The Palo Alto school district Monday made publicly available the seven-page application form and two-page resume submitted by prospective new school superintendent Don Austin. The district said this minimal information was the only material on Austin "in its possession."
All other documents submitted by Austin as part of his job application are in "control and possession" of the executive search firm and not subject to release under the California Public Records Act due to the terms of the district contract with the firm, the district stated in response to the Weekly's inquiry.
The Weekly's request was made on May 7, the day it was announced he was the school board's pick for the position. The board is scheduled to approve a three-year contract with Austin at its meeting Tuesday night, May 22.
The material released, which is mostly a fill-in application form, sheds little new light on Austin's background or his leadership style. Responses to the only two open-ended questions were redacted by the district, based on their being exempt under court rulings that allow an agency to protect the confidentiality of its deliberative process, although nothing requires the district to withhold such information.
Austin's application states he received his bachelor's degree from Baker University in "Physical Ed./English" but the accompanying resume states only physical education.

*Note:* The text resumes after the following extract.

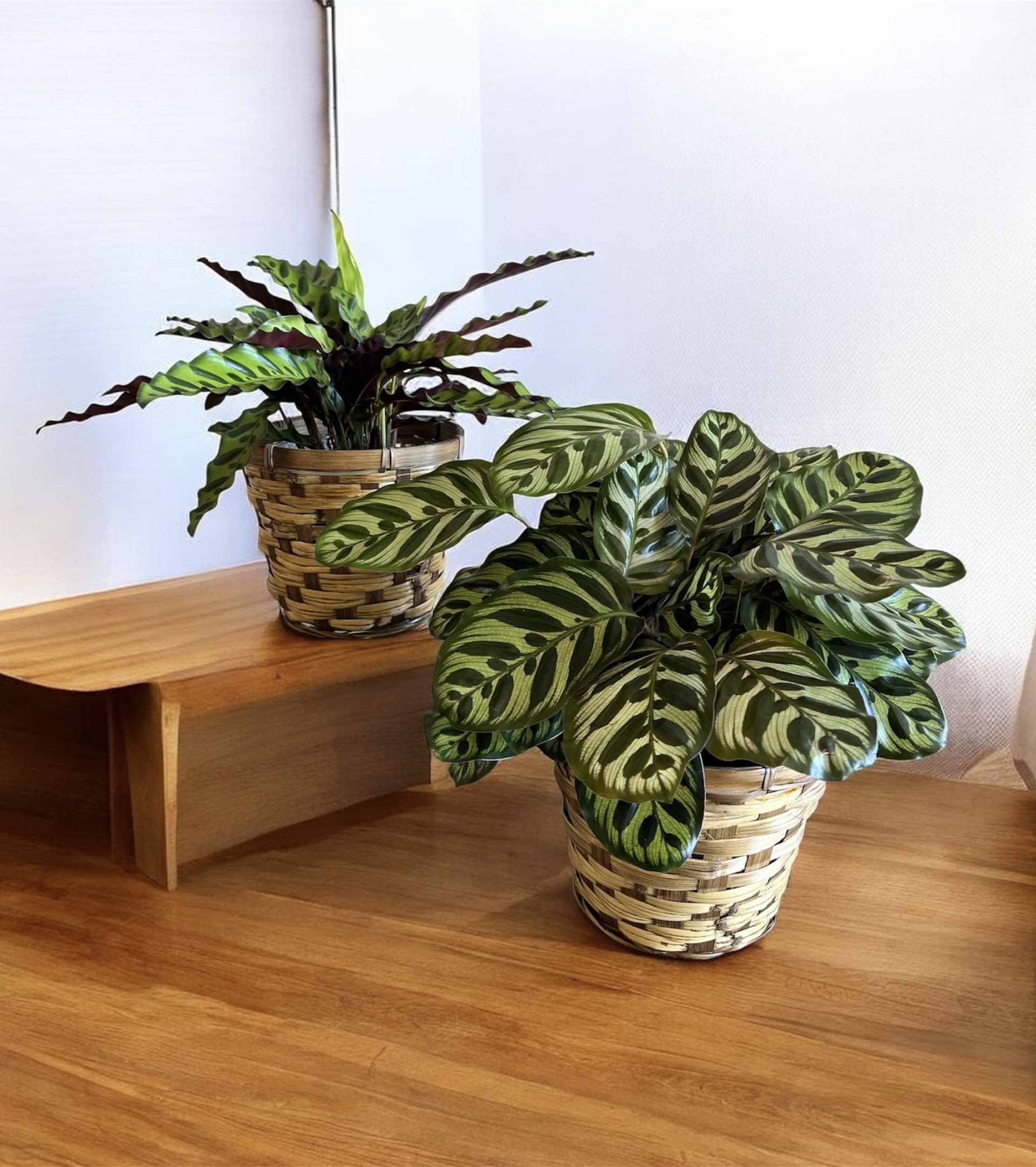 6" Calathea Plant - Boldly patterned leaves make this 6" Calathea a fresh, living gift that brightens a bedside, entry table, or office-ideal as a housewarming or thinking-of-you present. The expressive banding of light and dark green on the broad oval leaves is immediately striking, so the person you're sending it to will feel noticed and cared for whether it's a birthday, get-well gesture, or a just-because surprise. There are many varieties of beautiful Calatheas available and rest assured we will pick the best looking one for you.  Each plant arrives in a woven basket-style planter that lends a natural, contemporary look against a wooden tabletop-perfect for a sympathy or funeral home display that still feels gentle and uplifting. Sized in 6" pots, these low-maintenance houseplants are easy to place and enjoy; simply keep them in bright, indirect light and water when the top inch of soil is dry to keep the foliage vivid and healthy.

When asked to explain the discrepancy, he said he received a California teaching credential in English after moving back to California. His resume states he has credentials in administrative service, physical education and introductory English that expire next August.
Austin also holds a doctorate in education and master of arts from Azusa Pacific University.
Austin's salary history shows he took a pay cut when he moved from being the principal of 2,800-student Laguna Beach High School to assistant superintendent of the 16,000-student Huntington Beach Unified High School District in 2011. His final salary at Laguna Beach was $183,000 in 2011; it was $175,000 five years later when he left Huntington Beach to become superintendent in the Palos Verdes Peninsula Unified School District. He is currently paid $308,752 and will be paid $300,000 plus subsidized housing valued at $25,000 if his appointment is approved by the Palo Alto school board Tuesday night.
Austin's reputation in Palos Verdes appears to be mixed, with members of his cabinet speaking highly of his reputation as a visible leader and mentor but others, including sitting board members, refusing to speak on the record until after his contract is approved in Palo Alto.
In a email sent to the Palo Alto school board on Tuesday, the Palos Verdes board president, Anthony Collatos, said that their decision not to comment until after Tuesday's vote shouldn't be interpreted as anything "other than being respectful of your process."
"Our board has been supportive of Dr. Austin through this process and tried to be extremely respectful of your timeline and space," Collatos wrote.
He reiterated his support for Austin, previously expressed in a recommendation letter.
"I think Dr. Austin will bring strong leadership to your District and will continue to focus on leadership development, improving mental health and awareness, and sustaining academic excellence," Callatos wrote.
A former Palos Verdes Peninsula Unified employee who spoke on the condition of anonymity, however, said that members of the school community are reluctant to criticize Austin publicly. The employee described a culture of "intimidation" in the district.
"I feel very bad for your city that you are getting him, but I don't want the board members in Palo Alto to change their mind because I don't want anyone in the PVSD suffering anymore with him at the helm," the employee said.
Several anonymous posters on Town Square, Palo Alto Online's comment forum, claim to be Palos Verdes parents or district employees and have described allegations of mistreatment by Austin.
"We want Don Austin out of PV and his days are numbered regardless. But in good conscience we cannot say nothing and allow him to hurt more children and schools in Palo Alto," one poster wrote, alleging that top administrators and counselors resigned in part due to Austin.